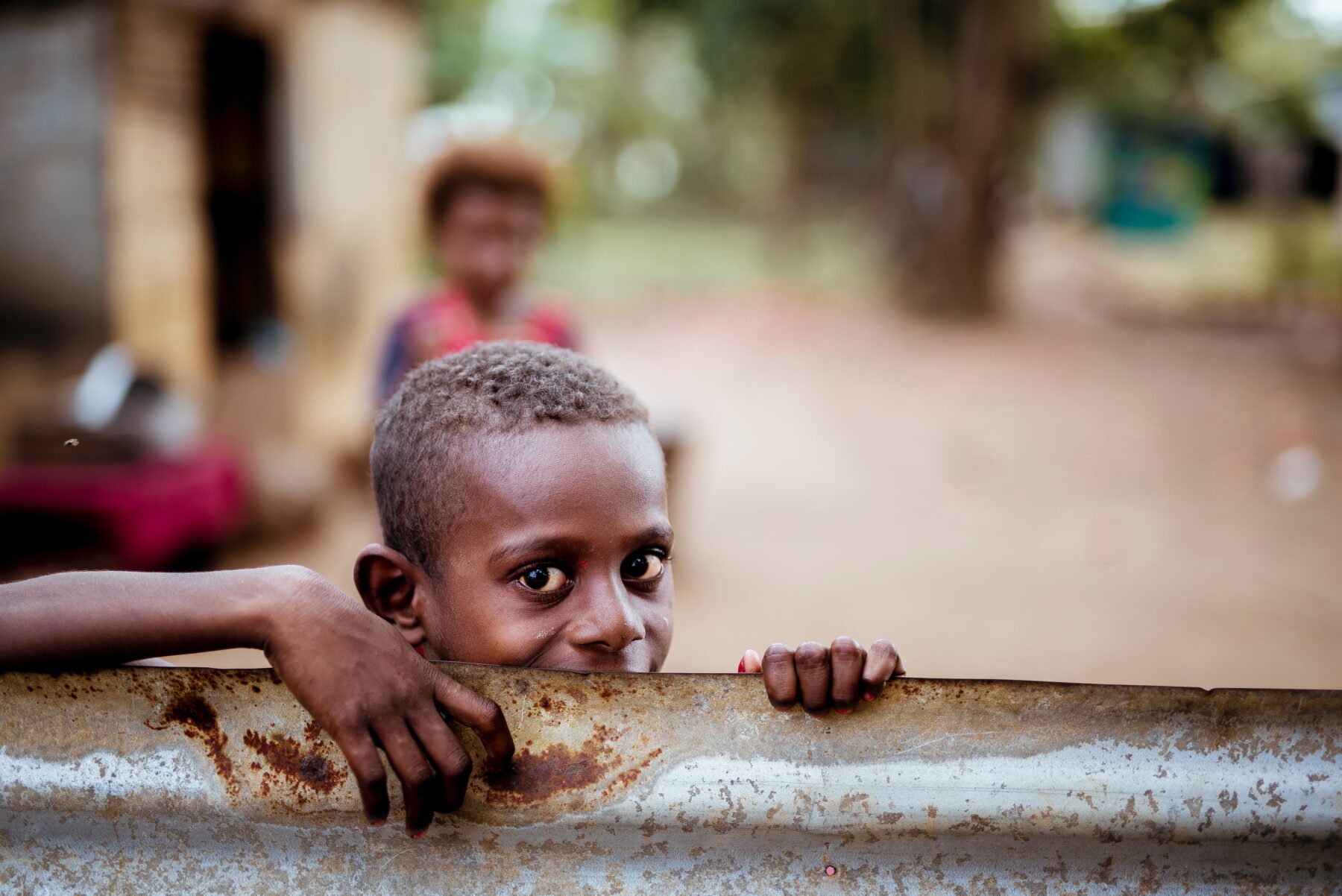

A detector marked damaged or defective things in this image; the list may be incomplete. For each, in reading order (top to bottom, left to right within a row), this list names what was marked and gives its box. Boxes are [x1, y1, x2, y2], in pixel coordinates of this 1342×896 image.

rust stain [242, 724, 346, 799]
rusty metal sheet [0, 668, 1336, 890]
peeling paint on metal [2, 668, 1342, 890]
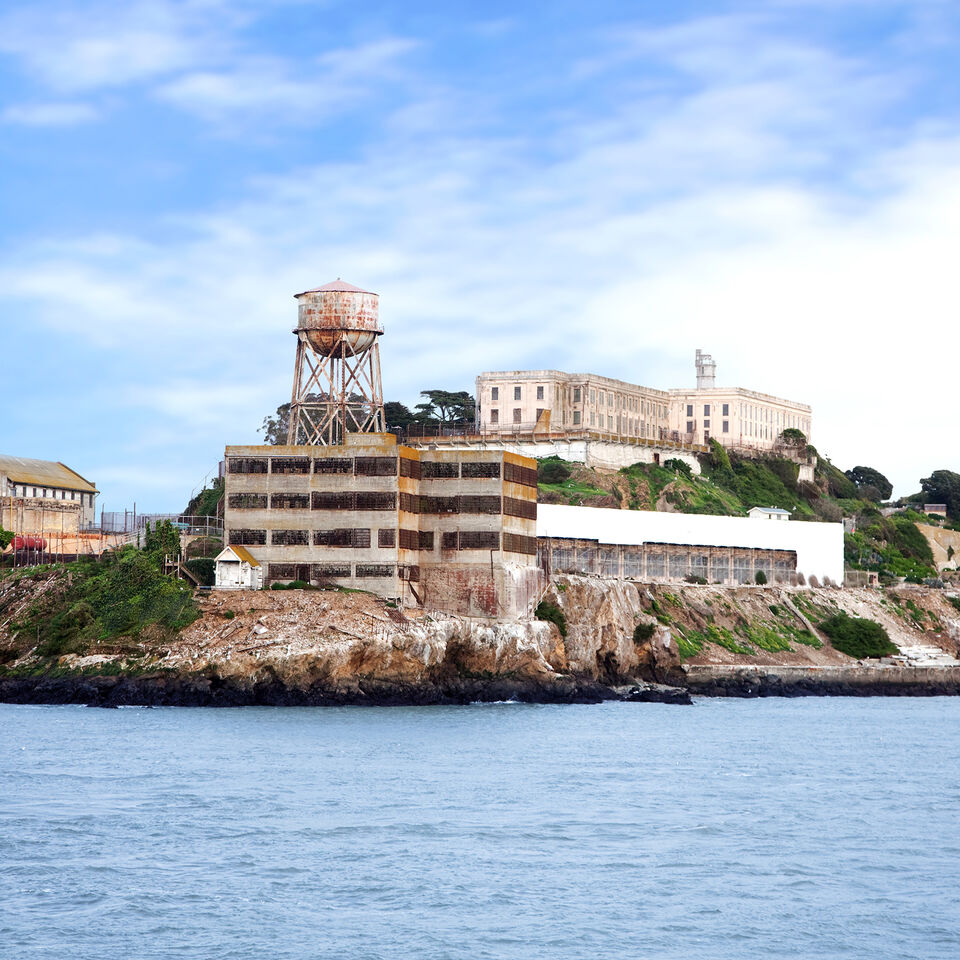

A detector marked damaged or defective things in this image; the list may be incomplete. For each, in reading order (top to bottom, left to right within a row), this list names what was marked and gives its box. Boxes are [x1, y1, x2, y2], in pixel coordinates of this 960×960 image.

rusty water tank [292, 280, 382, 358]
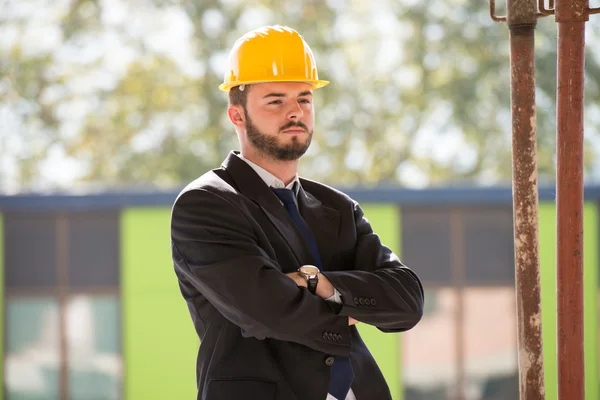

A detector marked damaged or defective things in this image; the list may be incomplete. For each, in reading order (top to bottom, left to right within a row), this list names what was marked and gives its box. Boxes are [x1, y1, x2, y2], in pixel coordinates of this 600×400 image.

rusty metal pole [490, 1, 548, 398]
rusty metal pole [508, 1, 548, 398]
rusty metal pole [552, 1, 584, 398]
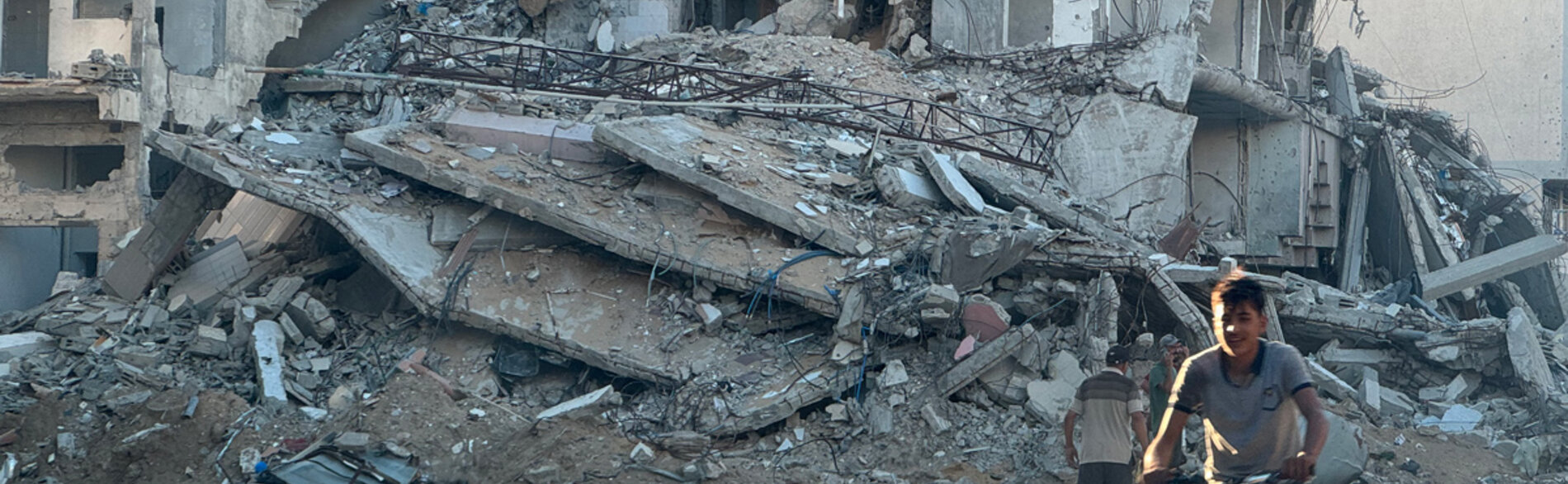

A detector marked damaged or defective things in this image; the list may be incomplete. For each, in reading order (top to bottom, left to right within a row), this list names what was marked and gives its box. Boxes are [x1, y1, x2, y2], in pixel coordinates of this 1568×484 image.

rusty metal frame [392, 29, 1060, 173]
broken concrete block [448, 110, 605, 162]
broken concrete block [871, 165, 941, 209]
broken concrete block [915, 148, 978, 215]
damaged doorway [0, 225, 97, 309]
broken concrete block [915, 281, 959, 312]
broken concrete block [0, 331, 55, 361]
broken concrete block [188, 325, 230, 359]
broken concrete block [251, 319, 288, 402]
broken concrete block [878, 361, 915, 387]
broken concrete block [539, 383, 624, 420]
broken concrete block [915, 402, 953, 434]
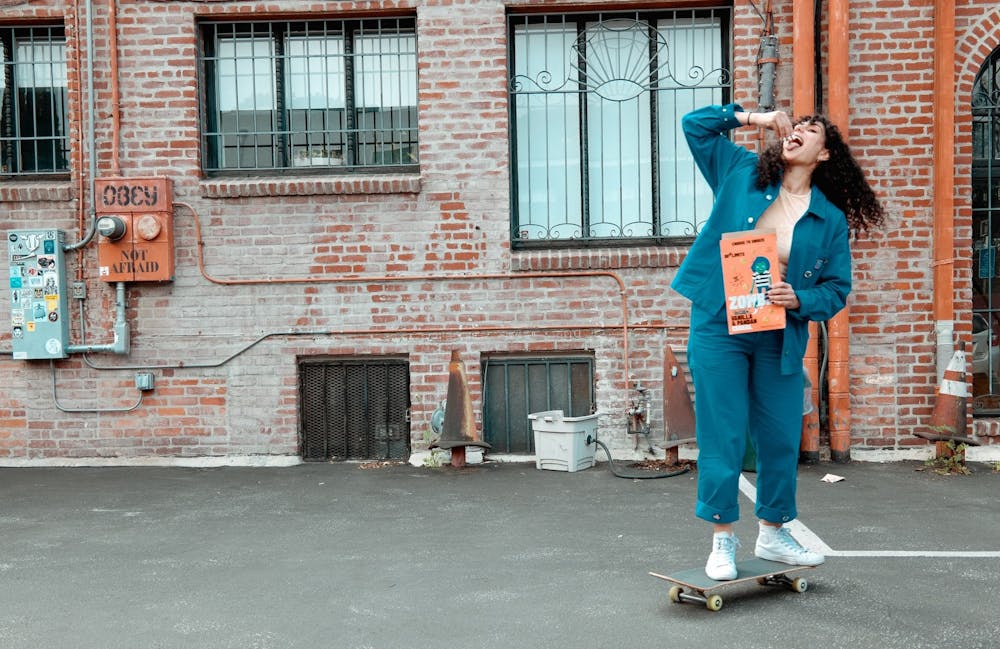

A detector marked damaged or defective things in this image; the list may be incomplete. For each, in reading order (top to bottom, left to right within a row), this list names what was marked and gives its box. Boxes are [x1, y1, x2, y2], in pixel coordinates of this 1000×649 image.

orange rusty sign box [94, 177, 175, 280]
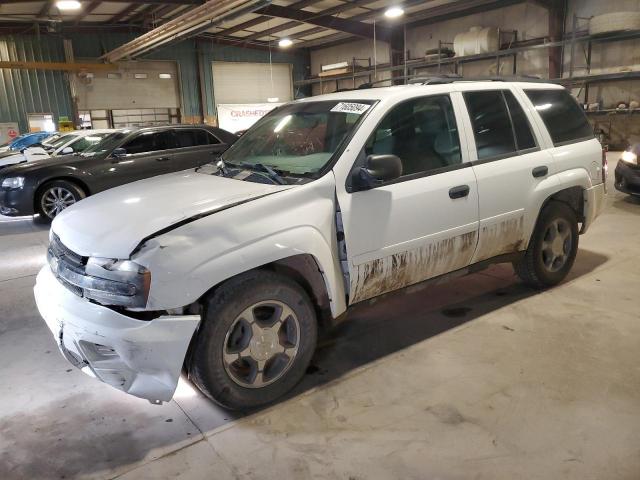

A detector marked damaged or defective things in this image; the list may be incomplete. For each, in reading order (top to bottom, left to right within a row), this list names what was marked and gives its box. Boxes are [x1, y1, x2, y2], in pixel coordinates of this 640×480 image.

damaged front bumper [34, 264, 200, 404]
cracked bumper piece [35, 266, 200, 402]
☆ ☆ ☆ ☆ ☆
▸ **WHAT THE TASK REQUIRES**: A word-for-word copy of the material is required; pictures stay out of it.

▸ **WRITTEN RESPONSE**:
A detector marked damaged or defective things in this image; the list may be incomplete. For each, in reading order (top to bottom, left to right within a row), this list names what was marked and gives its box. Boxes are [x1, y1, x2, y2], in pixel coordinates of this 1342×896 image.

rust stain [242, 724, 346, 799]
rusty metal sheet [0, 668, 1336, 890]
peeling paint on metal [2, 668, 1342, 890]

A detector marked damaged or defective things in this image; the list may be incomplete. For each, in reading order (top to bottom, left to right within a row), this list names what was marked and gives its box. Boxes are [x1, y1, x2, y2], in pixel coordinates of this 960×960 image.

rusty water tank [292, 280, 382, 358]

A detector marked damaged or defective things in this image; the list may be incomplete. For each, in reading order (top to bottom, left to right within a row), this list names what was marked and gives its box. Boxes are [x1, y1, x2, y2], in pixel coordinates of this 600×400 image.

rusty metal pole [490, 1, 548, 398]
rusty metal pole [508, 1, 548, 398]
rusty metal pole [552, 1, 584, 398]

A detector marked damaged or defective things in this image; the list may be incomplete. For each, in reading order (top to bottom, left to right within a row), this list names what was marked and gives its box. Boxes are [x1, y1, x2, y2], in pixel coordinates of this 1568×484 image.

rusty metal frame [392, 29, 1060, 173]
broken concrete block [448, 110, 605, 162]
broken concrete block [871, 165, 941, 209]
broken concrete block [915, 148, 978, 215]
damaged doorway [0, 225, 97, 309]
broken concrete block [915, 281, 959, 312]
broken concrete block [0, 331, 55, 361]
broken concrete block [188, 325, 230, 359]
broken concrete block [251, 319, 288, 402]
broken concrete block [878, 361, 915, 387]
broken concrete block [539, 383, 624, 420]
broken concrete block [915, 402, 953, 434]

A detector marked damaged or defective things in this image; the list may be incomplete. For each, in reading order (top to bottom, left to right within a row), this list names what was marked and gives its box. Boxes are [x1, y1, x2, y2], in pixel coordinates of this 1000×649 image.

orange rusty sign box [94, 177, 175, 280]

A detector marked damaged or defective things in this image; the list may be incomplete. For each, in reading order (top to bottom, left to right within a row), this list names what was marked and gives its box. Boxes are [x1, y1, x2, y2], in pixel coordinates of this 640×480 image.

damaged front bumper [34, 264, 200, 404]
cracked bumper piece [35, 266, 200, 402]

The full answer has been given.